Notre Dame est un bien public, une église en activité, une icône mondiale, un aimant à touristes. Après l’incendie, ces rôles ont fait l’objet de discussions en interne.

Le résultat est mesuré. Des meubles liturgiques contemporains qui respectent l’espace gothique, une circulation plus claire, un éclairage soigné, des peintures murales restaurées et des chapelles qui ont retrouvé leurs couleurs d’origine.

Cela peut être interprété comme une administration.

Ici, la propriété est multiple. L’Église, l’État, la ville et le peuple, chacun donne un peu, chacun garde finalement ce qui lui revient.

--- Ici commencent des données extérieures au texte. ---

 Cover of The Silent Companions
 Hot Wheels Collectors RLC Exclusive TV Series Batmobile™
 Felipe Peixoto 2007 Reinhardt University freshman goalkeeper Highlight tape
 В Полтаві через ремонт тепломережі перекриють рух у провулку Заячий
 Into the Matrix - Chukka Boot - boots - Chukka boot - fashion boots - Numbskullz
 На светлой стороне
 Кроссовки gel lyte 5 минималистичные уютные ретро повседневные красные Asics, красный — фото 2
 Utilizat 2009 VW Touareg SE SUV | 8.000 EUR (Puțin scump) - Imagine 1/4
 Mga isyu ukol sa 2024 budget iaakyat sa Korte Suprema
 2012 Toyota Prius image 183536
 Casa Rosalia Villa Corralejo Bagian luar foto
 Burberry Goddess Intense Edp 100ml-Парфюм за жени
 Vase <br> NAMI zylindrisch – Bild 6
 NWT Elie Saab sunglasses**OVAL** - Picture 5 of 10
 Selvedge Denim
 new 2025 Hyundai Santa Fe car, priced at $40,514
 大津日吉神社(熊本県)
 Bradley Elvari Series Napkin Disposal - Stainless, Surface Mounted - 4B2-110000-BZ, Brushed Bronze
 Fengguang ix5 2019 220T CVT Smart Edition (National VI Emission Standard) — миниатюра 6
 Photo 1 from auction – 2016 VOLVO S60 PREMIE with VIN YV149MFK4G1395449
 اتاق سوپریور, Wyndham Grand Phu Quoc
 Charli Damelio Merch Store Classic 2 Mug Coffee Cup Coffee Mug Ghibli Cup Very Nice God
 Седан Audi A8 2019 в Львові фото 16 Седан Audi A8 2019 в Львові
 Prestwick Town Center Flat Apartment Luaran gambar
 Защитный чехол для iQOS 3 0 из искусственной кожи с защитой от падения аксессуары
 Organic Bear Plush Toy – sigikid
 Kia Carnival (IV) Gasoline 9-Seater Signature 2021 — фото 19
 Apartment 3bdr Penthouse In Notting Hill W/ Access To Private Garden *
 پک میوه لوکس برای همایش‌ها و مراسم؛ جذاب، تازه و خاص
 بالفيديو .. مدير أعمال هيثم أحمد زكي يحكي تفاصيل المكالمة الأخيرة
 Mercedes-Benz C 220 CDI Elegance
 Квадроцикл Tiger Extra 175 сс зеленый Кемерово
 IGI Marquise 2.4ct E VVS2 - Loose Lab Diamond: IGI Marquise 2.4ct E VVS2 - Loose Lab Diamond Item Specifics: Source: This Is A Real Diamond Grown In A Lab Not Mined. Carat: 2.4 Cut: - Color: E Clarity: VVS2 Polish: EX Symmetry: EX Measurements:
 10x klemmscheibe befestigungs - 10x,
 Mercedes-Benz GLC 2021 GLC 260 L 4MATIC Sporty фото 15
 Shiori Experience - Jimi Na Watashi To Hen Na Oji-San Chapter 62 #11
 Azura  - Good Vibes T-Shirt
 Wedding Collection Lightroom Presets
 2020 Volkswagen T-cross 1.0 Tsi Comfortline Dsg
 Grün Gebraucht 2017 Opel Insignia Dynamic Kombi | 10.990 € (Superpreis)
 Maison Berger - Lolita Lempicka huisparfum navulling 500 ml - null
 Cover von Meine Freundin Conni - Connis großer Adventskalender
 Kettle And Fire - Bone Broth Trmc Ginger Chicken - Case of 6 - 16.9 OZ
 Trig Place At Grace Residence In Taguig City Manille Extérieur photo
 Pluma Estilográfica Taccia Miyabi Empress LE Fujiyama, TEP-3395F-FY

Certains ont préconisé que le traumatisme soit marqué de manière permanente par une poutre carbonisée, une suture commémorative.

La France a choisi la continuité.

Laissez le feu vivre non pas dans des traces délibérées sur les murs, mais dans les archives, les expositions et la mémoire.

Cependant, aucune des deux voies n’est neutre. Chacune proclame ses valeurs.

Paris a choisi la renaissance et l’utilisation quotidienne plutôt que la destruction didactique.

Pour beaucoup, c’est une forme de guérison en soi.

Le retour de Notre-Dame est bien plus qu’une simple restauration. C’est l’expression de ce que nous respectons. La forme plutôt que le collage, l’artisanat ressuscité à côté du code, les matériaux transportés avec responsabilité, la paternité partagée entre les institutions. En cette période d’inquiétude, cette restauration privilégie la lisibilité et le service. Une cathédrale qui fait ressentir aux gens ce dont ils se souviennent, protégée par des systèmes qu’ils ne remarqueront jamais.

Dans ce numéro, nous tournons autour de cet équilibre : curater les expériences sans figer la vie, afin que les lieux dont nous avons hérité puissent continuer à appartenir au présent.